McCarthy Completes $86M Omaha VA Ambulatory Center in Nebraska
OMAHA, NEB. — McCarthy Building Cos. has completed construction of the Omaha VA Ambulatory Care Center, an $86 million, 157,000-square-foot outpatient facility for veterans.
The property includes seven primary-care units, an outpatient surgery suite and a specialty medicine unit allowing 400 additional patients to visit the clinic each day, as well as a dedicated women’s health clinic area. The new facility, which is connected to the existing 12-story VA Medical Campus, will open to patients this month.

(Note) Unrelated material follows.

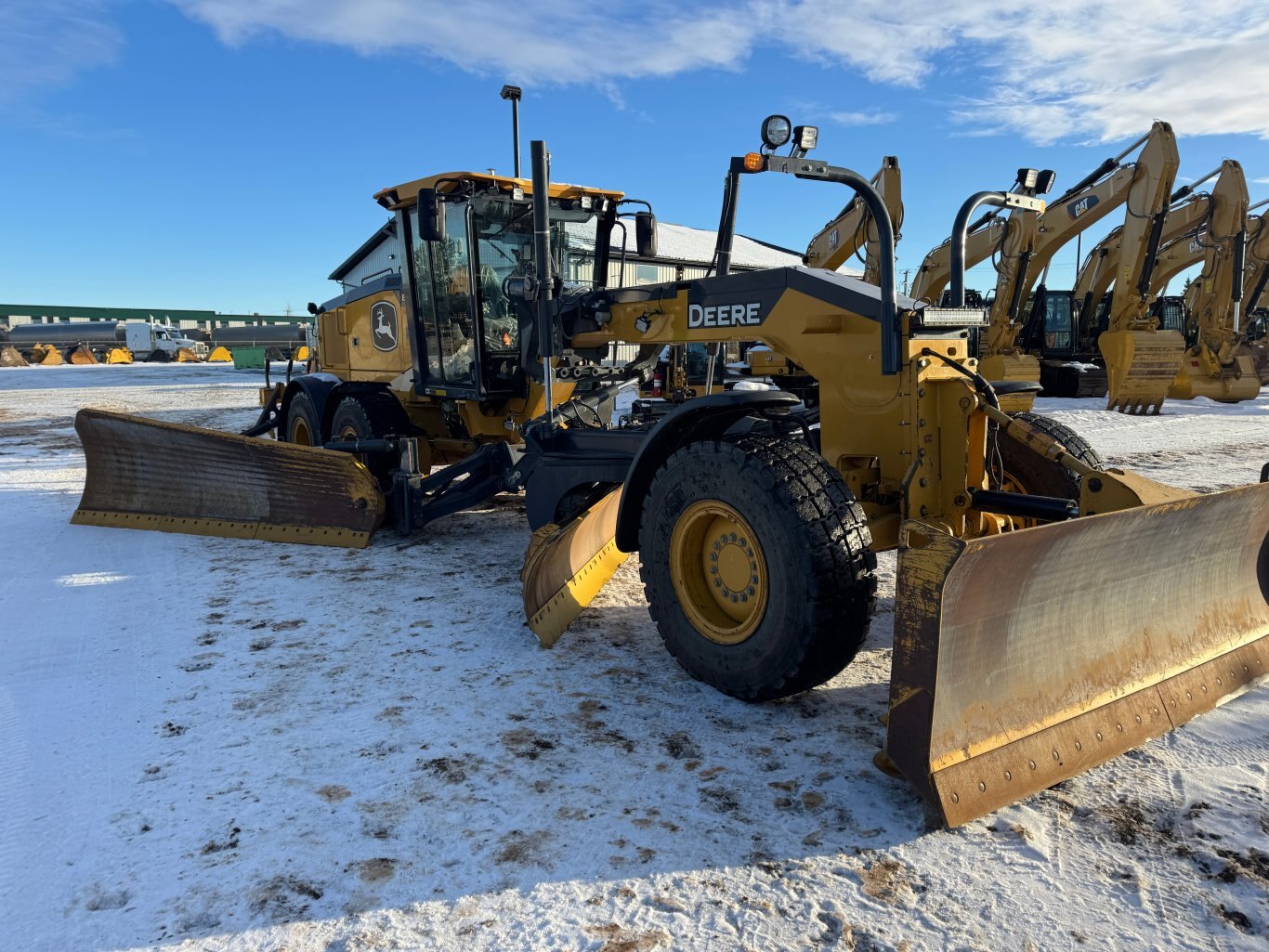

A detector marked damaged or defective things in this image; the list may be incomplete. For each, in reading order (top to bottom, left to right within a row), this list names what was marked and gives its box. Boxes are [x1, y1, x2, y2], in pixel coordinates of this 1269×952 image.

rusty steel blade face [70, 406, 380, 548]
rusty steel blade face [520, 487, 629, 655]
rusty steel blade face [888, 485, 1269, 828]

This is the first center in the country to take advantage of the C.H.I.P.I.N. for Vets Act passed through Congress in 2016, according to McCarthy. Under the law, the VA is permitted to accept private donations to complete construction projects. The VA entered a public-private partnership with nonprofit group Veterans Ambulatory Center Development Corp. (VACDC) to save taxpayers roughly $30 million.
The law also requires the builder to use innovative delivery techniques that fall outside federally prescribed specifications and methods. Such initiatives include subsurface utility mapping, virtual design and construction, and using a design-assist subcontracting approach instead of a hard-bid approach. McCarthy claims it completed the project four months ahead of schedule.
“Breaking from the traditional design-bid-build delivery format allowed for creative solutions, more efficiency and functionality, a shorter timeline and ultimately, greater value for the VA,” says Ryan Sawall, vice president of McCarthy Building. “We were able to take advantage of the technical and economic innovations commonly used in private sector projects, including performance specifications, modern quality assurance, quality construction processes and strategic partnerships.”
Architectural firm Leo A Daly designed the facility, which features a 12,000-square-foot folded glass curtain wall designed to resemble an American flag rippling in the wind. There is also a 9,000-square-foot wall featuring differently hued glass panes that evoke ribbon bars awarded to service members.